--- GOAL OF THE EXERCISE ---
Please repeat, precisely as written, only the lines from the one containing "Women Men Sports" through the last line of the records below, pictures omitted.

Scraped caption text data
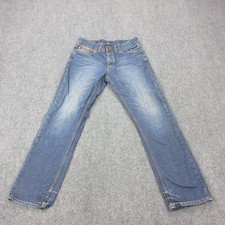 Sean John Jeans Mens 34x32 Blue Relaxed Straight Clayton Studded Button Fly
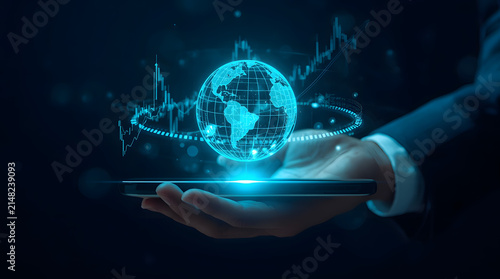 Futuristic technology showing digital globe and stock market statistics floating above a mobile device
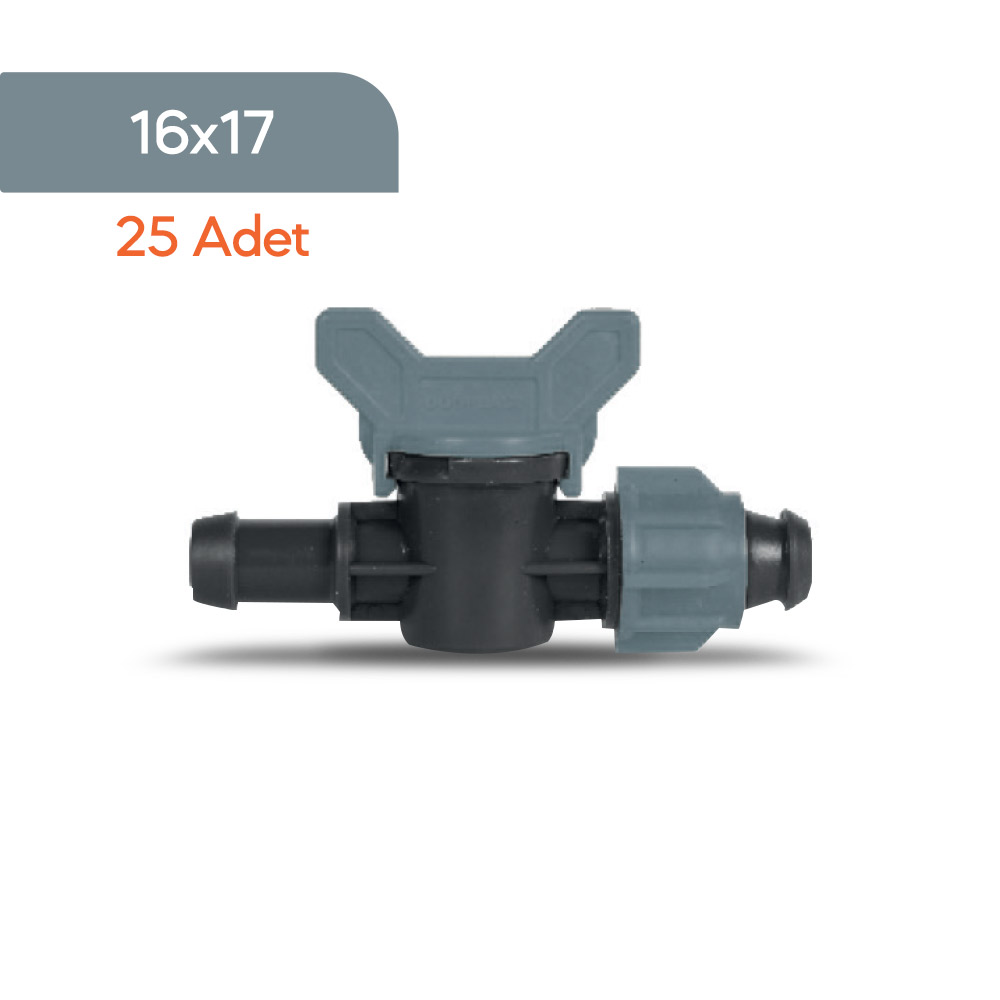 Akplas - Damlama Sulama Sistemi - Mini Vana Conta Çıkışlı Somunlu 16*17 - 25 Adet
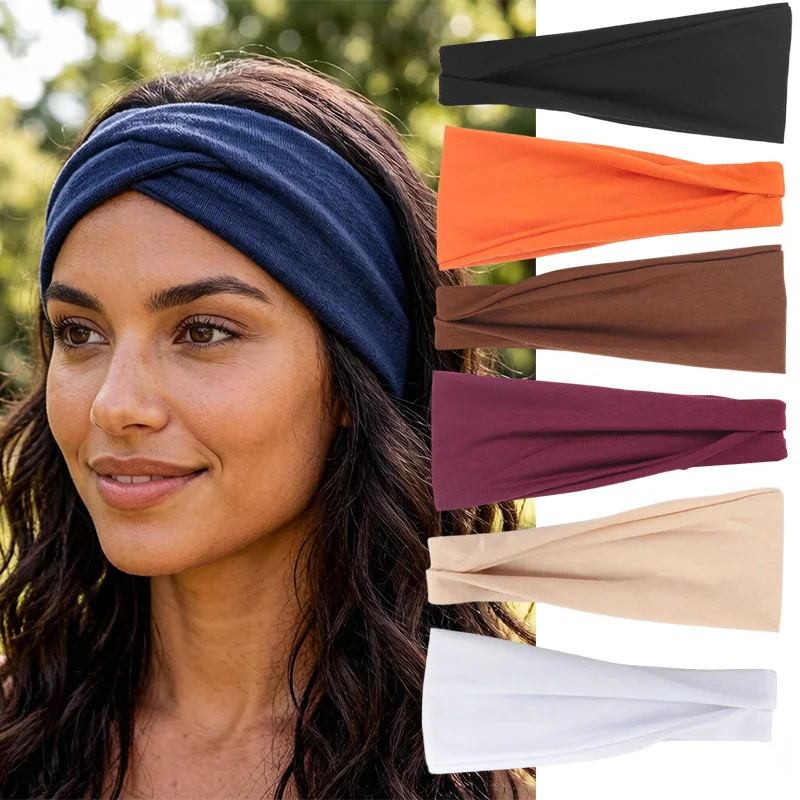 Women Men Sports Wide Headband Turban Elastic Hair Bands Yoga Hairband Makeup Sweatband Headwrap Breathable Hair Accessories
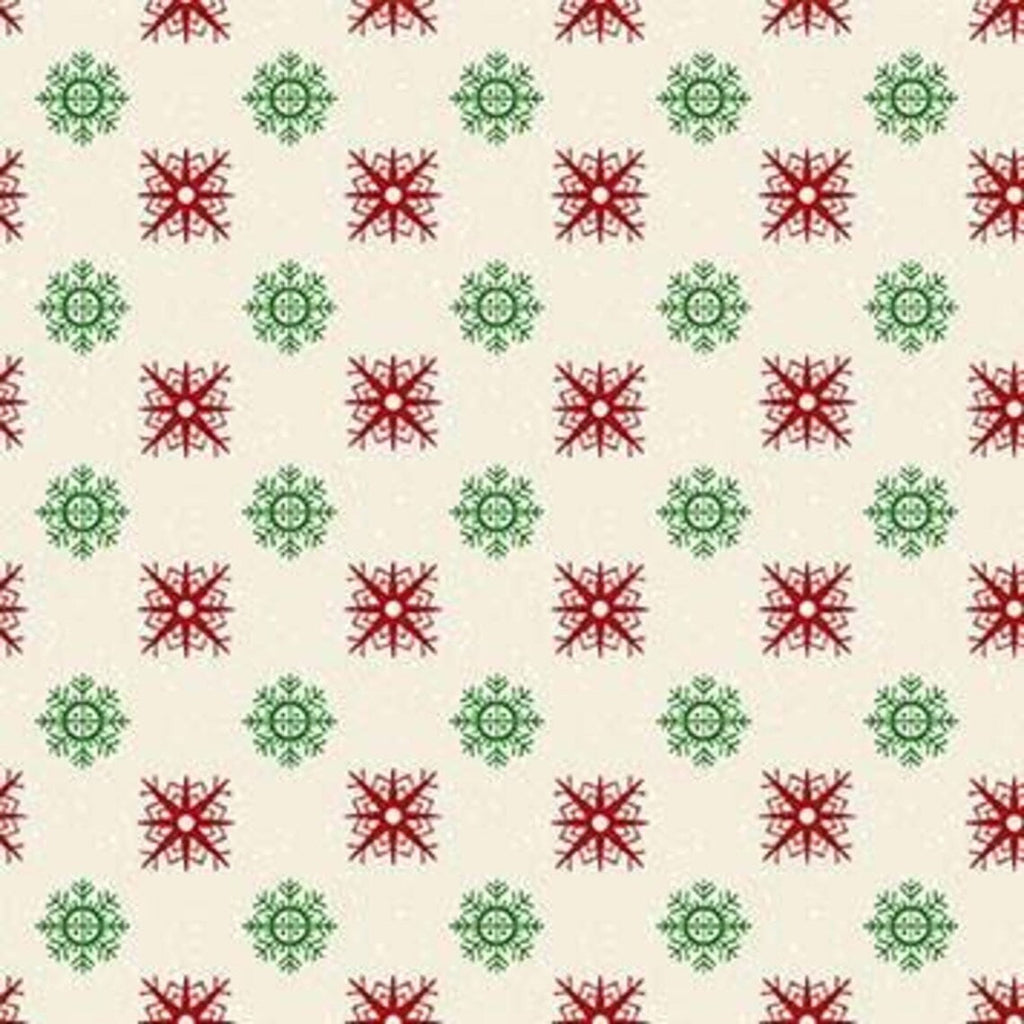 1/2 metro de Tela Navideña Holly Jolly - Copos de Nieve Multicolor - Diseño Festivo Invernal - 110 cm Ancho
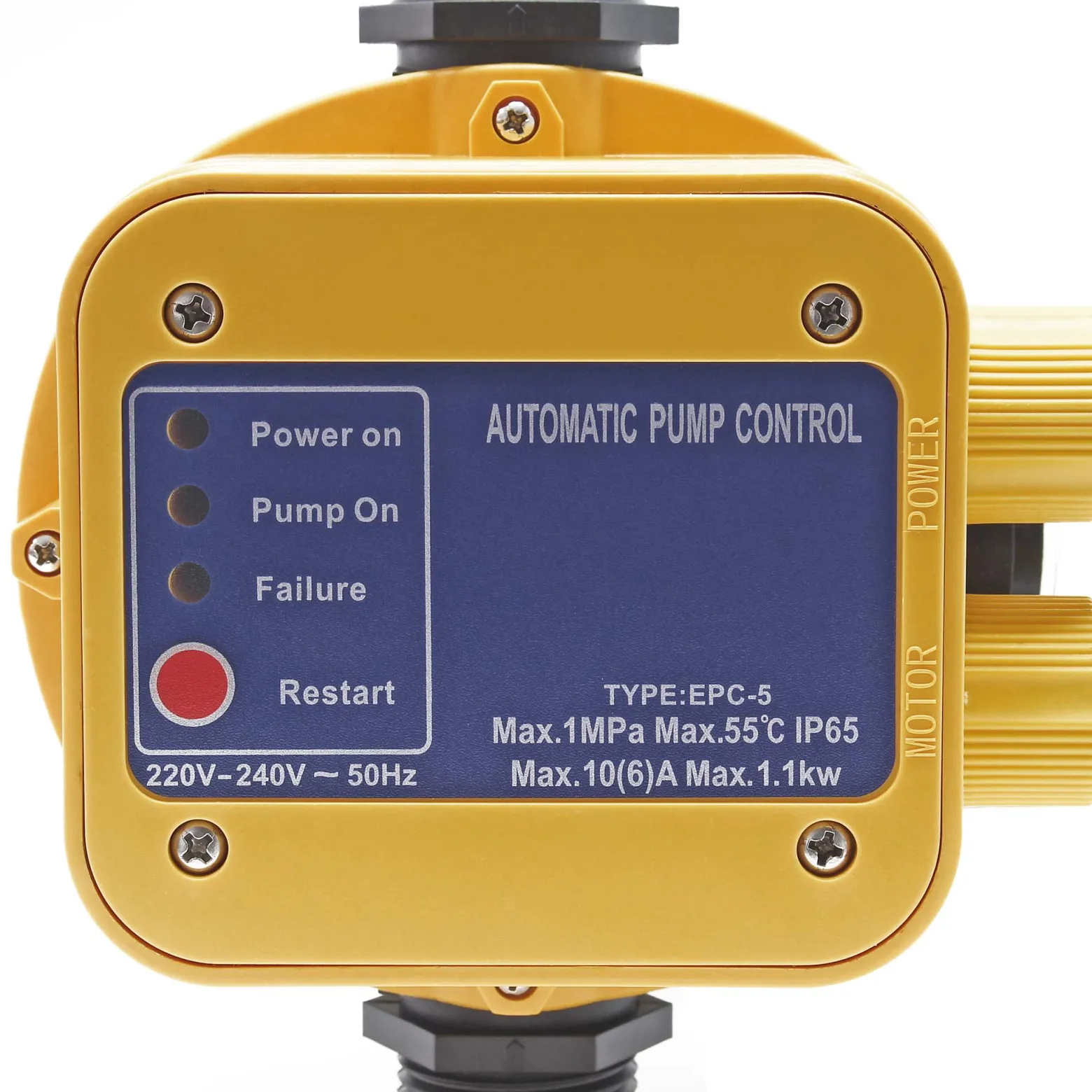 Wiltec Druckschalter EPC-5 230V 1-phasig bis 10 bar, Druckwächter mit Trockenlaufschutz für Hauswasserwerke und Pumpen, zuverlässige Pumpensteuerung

--- EXPECTED OUTPUT ---
 Women Men Sports Wide Headband Turban Elastic Hair Bands Yoga Hairband Makeup Sweatband Headwrap Breathable Hair Accessories
 1/2 metro de Tela Navideña Holly Jolly - Copos de Nieve Multicolor - Diseño Festivo Invernal - 110 cm Ancho
 Wiltec Druckschalter EPC-5 230V 1-phasig bis 10 bar, Druckwächter mit Trockenlaufschutz für Hauswasserwerke und Pumpen, zuverlässige Pumpensteuerung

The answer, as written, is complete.